On Sunday, a rainstorm that had formed in the western Gulf and was headed for Texas stalled just short of becoming a tropical depression. The southern part of the state received between 5 and 10 inches of rain from the storm that lasted through Monday.

Even though there will be a week without a storm, Zehr warns that the next threat won’t arrive until early next week, posing a “significant risk” of renewed flooding in urban and low-lying areas.

This weekend, the western Gulf coast is expected to experience rough surf and choppy seas, and further heavy rainfall is possible.

Once this developing tropical system moves past Sunday and Monday, it could travel anywhere from northwest along the Rio Grande River to as far north as central Texas the following week. These scenarios are possible if the system gains enough strength and stays organized for several days after making landfall.

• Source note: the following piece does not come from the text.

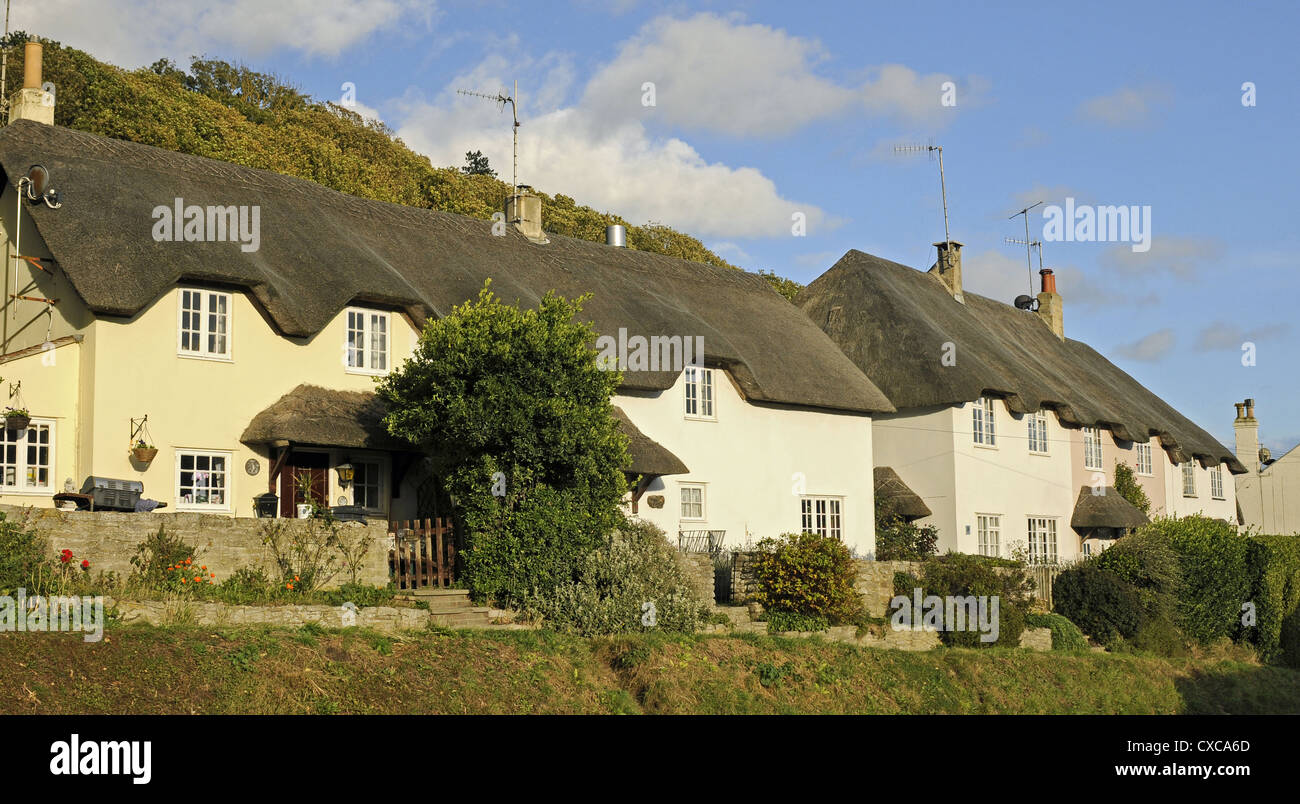 Thatched Cottages in the village of West Lulworth near Lulworth Cove Dorset England Stock Photo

The tropical storm that passed through earlier this week brought much-needed rain to much of central Texas but increased flood risk to areas farther to the northwest along the Rio Grande. San Antonio received less than an inch of rain between June 1 and August 16, whereas the average is about 6.50 inches.

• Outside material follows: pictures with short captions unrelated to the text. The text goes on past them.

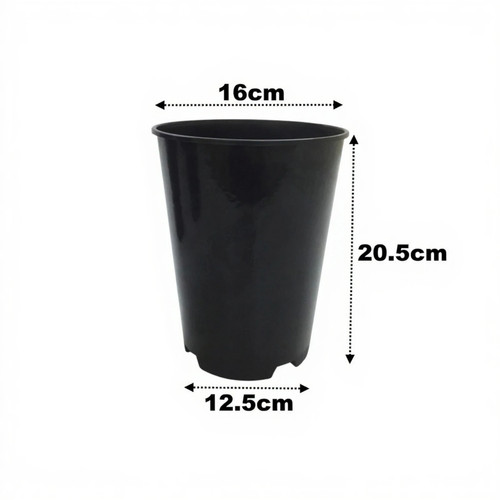 Litre deep rose - litre, plant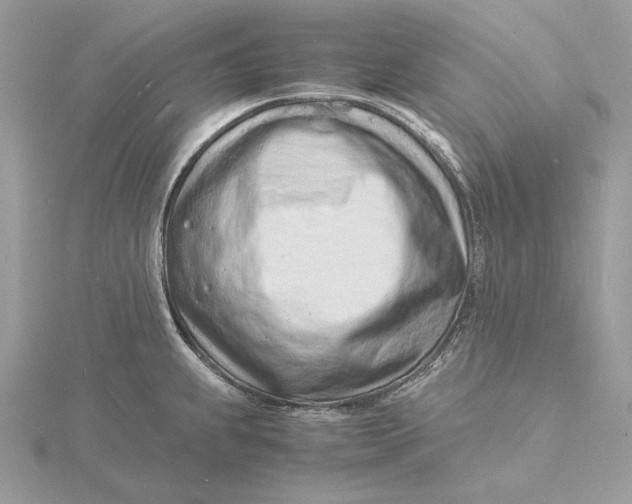 X0000115841239200912041702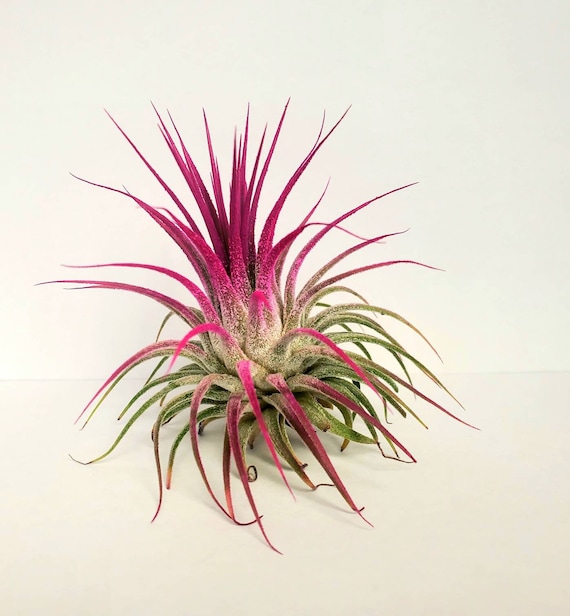 Tillandsia ‘Mother's Day' T'S TROPICALS Tillandsia 'Mother's Day' T'S TROPICALS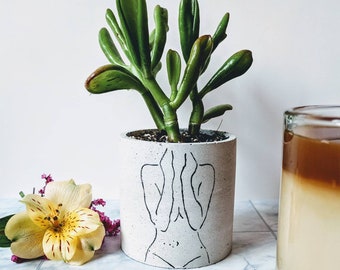 Ella cemento de hormigón suculento cacti maceta plantadora plantar decoración minimalista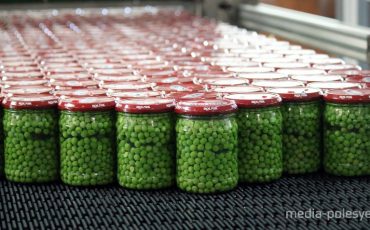 Фото иллюстрационное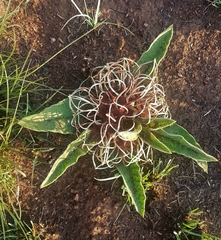 Brachystelma barberae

According to the United States Drought Monitor report from last week, nearly 70% of the Lone Star State was in extreme drought, and nearly 30% was in exceptional drought. Nonetheless, after the recent tropical rainstorm, things may be looking up in South Texas.

Hydrologists from the National Weather Service predicted that the Rio Grande River at Foster Ranch, Texas, would reach major flood stage and crest near 23 feet later on Tuesday as a result of the heavy rain that fell in part of the Big Bend area between Monday and Tuesday.

When compared to the flood peak at Foster Ranch on July 10, 2010, the current crest measures 21.54 feet, which is higher.

Multiple groups of showers and thunderstorms from the southeast coast of the United States to the north-central Atlantic will be monitored for tropical development in the coming days. AccuWeather’s tropical weather experts say that strong mid-level winds may act as a strong deterrent against development in this zone and much of the rest of the basin.

One place far from American shores is seeing more favorable conditions for tropical development. Dan Kottlowski, a senior meteorologist at AccuWeather and an expert on hurricanes, says that the atmosphere over Africa is changing into one where stronger tropical waves, the precursors to tropical storms, can form.

Because of the current weather pattern, tropical wave activity in the northern African deserts has been greatly reduced this summer. During the next week, it is expected that these atmospheric conditions will spread out over the Atlantic, which may lead to the formation of a tropical storm or depression somewhere between Africa and the Caribbean.

There is typically an increase in tropical development in the second half of August that lasts into the beginning of September. On November 30th, the Atlantic hurricane season will officially end.